Hasan Hastürer

Bir kaşık suda fırtına yaratarak, oralarda oyalanmak…







Kıbrıs sorunu, uluslararası bir sorun mudur?

   Kabul edelim veya etmeyelim, uluslararası bir sorundur.

   Taraflar Kıbrıs Türk, Kıbrıs Rum, Türkiye, Yunanistan ve garantörlük ve adadaki egemen üsleri nedeniyle İngiltere olsa da, bölgede çıkarı olan ülkelerde kendilerini taraf olmayan taraf olarak görürler.

   Bir başka benzetmeyle, karı koca arasındaki gerginliği azaltıp, sorunu gidermek için eve girenler, ailenin parçası konumuna geliyor.

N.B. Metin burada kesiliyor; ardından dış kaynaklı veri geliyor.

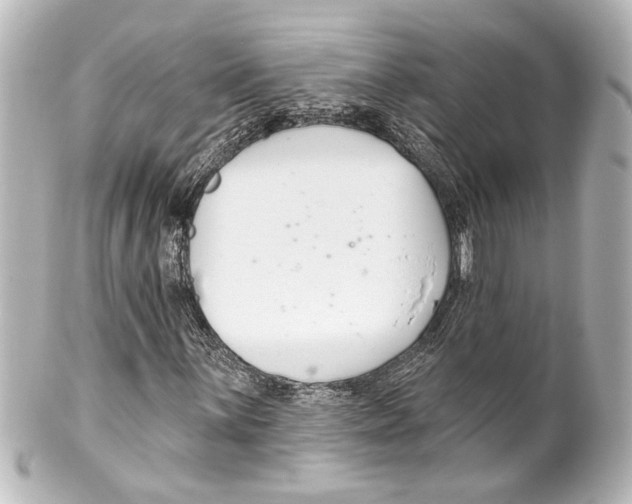 X0000100211059200806271659
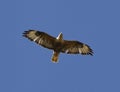 Long-legged Buzzard soaring in a sky Kalmykia. Royalty Free Stock Photo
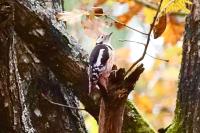 Dendrocopos medius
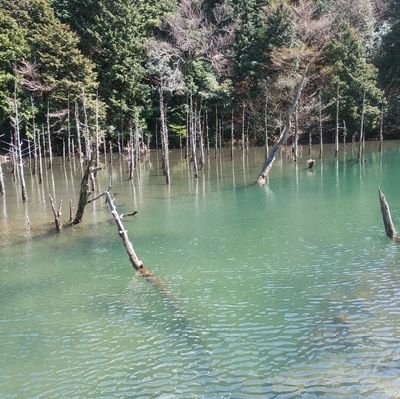 rioh519839's profile picture. 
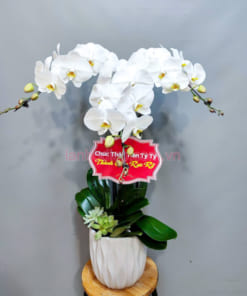 Đặc điểm chậu lan trắng 3 cành hồ điệp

   Eğer Kıbrıs sorununun adı Hürmüz ise Kıbrıs sorunu neticede Yedi Kocalı Hürmüz’den öte yetmiş yedi kocalı Hürmüz’e döndü.

   Kendi çıkarlarını düşünerek Kıbrıs sorununa bakanlar, çözümü de işlerine gelmesi halinde isterler.

   Elbette bunu kimse açık açık söylemez.

***

Yabancılardan zaman zaman iyi niyetli kabul ettiğim şu soruya muhatap olurum.

“Kıbrıs sorununun çözümüne nasıl yardımcı olabiliriz?”

Yanıt vermeden önce şunları söylerim mutlaka:

   “Kıbrıs sorununa katkı koymak istiyorsanız, öncelikle Kıbrıs sorununu gerçekçi olarak öğrenip, objektif yaklaşımı başarın. Yabancı büyükelçiliklerin tümü Güney Kıbrıs’tadır. Kuzey’de tek büyük elçilik Türkiye’nindir. Güney’deki büyükelçilikler üzerinde Rum Yönetiminin baskısı vardır. Nedir bu baskı? Kıbrıs sorununu Kıbrıslı Türklerden dinlemeyin, baskısı. Kıbrıslı Türkler, eşit davranmayan yabancılara alınganlıkla birlikte kırgındır. Eşit davranmayan, adil öneri sunamaz.”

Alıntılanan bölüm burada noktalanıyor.